Ahh, to be young and stupid again. (No disrespect, just brings back memories.)

Safrole is a chemical more properly called 5-(2-propenyl)-1,3-benzodioxole, it is a Schedule I chemical and requires a DEA permit for purchase. What you are looking for is Sassafras Essential Oil. A very good quality sassafras oil contains up to 98% safrole, but 75-80% is much more common.

I would never condone and never engaged in any illegal activity. Having said that I do have a chemistry degree, and several years experience in applied organic synthesis . So if you are looking for a mentor with whom you could have a purely theoretical discussion about the finer points of say Wacker oxidation reaction or the like I will be glad to help.

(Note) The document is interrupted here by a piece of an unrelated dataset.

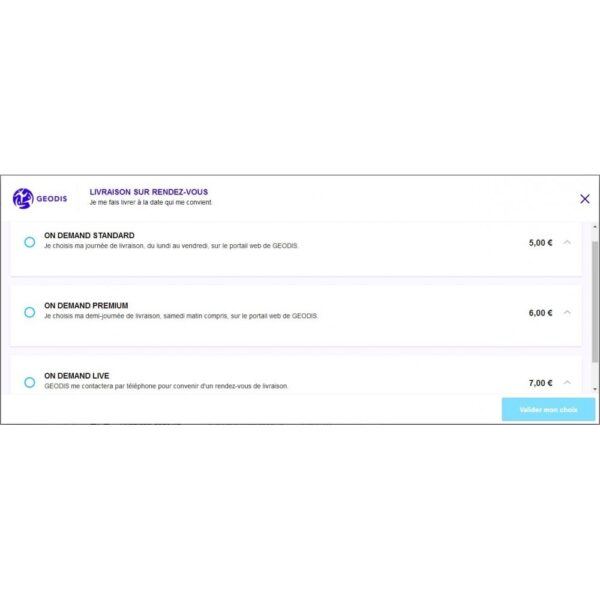 GEODIS � OFFICIAL (PrestaShop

So years ago I had this friend who also wanted to buy some sassafras essential oil. This friend spent weeks searching the internet, found several sources and ended up getting it from a Chinese wholesale supplier. I asked my friend for the links that he used, and not surprisingly most of them either don't work at all (including the one he ended up using) at all or the place no longer sells this oil. But there is one place that still does:

http://www.shop.mysticways.com/Sassafras…

It is expensive, my friend said that he paid about $50-60 per liter, vs $25 per ounce from this place. In fact with all the other chemicals and labware you going to need and considering the likely actual vs theoretical yields your production costs will be higher then street value at that price, but this is the best I can do for you.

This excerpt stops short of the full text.